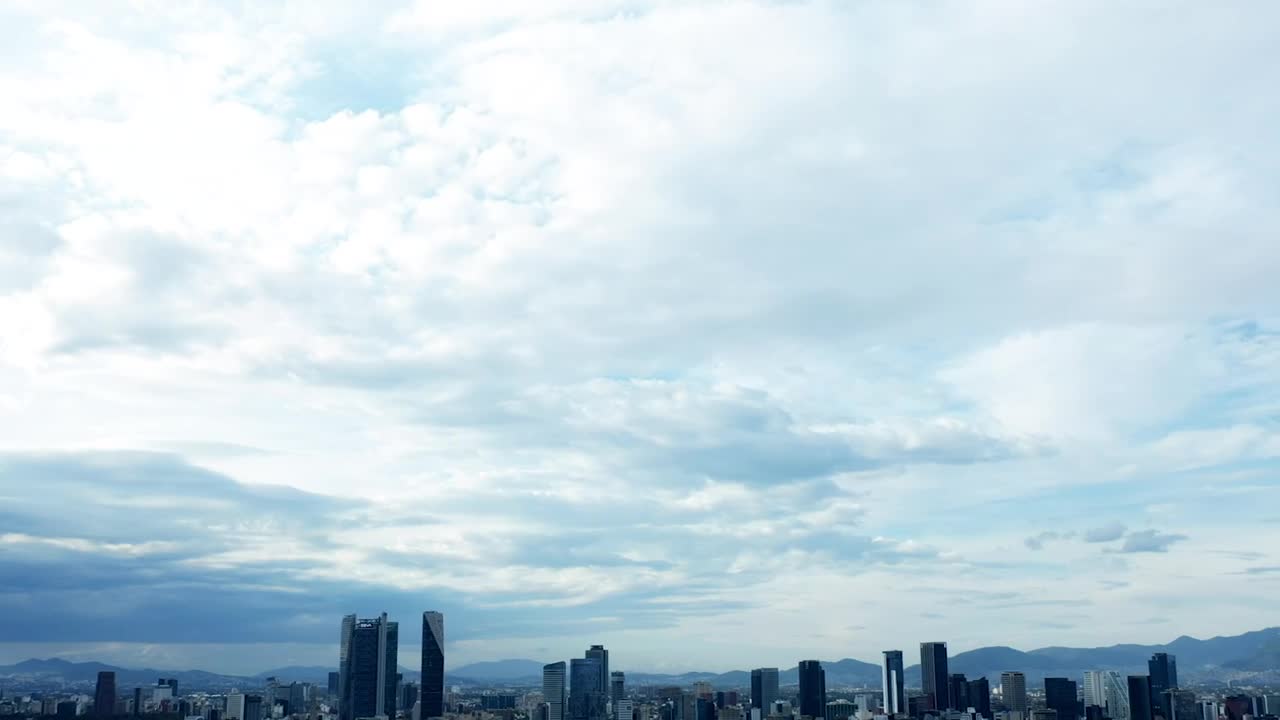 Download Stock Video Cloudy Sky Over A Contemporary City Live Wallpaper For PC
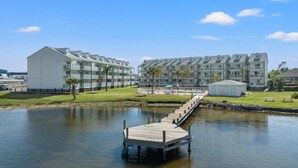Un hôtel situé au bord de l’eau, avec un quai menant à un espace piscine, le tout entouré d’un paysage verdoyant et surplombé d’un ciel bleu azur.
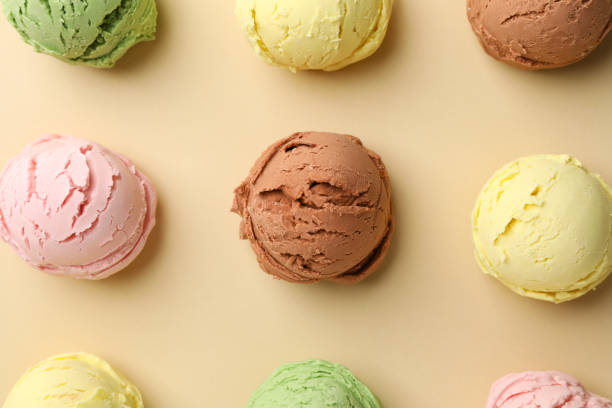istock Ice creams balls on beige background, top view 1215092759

• _What to produce_
A faithful copy of all the data above, without its pictures, is the expected result.

• _Expected answer_
 Download Stock Video Cloudy Sky Over A Contemporary City Live Wallpaper For PC
Un hôtel situé au bord de l’eau, avec un quai menant à un espace piscine, le tout entouré d’un paysage verdoyant et surplombé d’un ciel bleu azur.
istock Ice creams balls on beige background, top view 1215092759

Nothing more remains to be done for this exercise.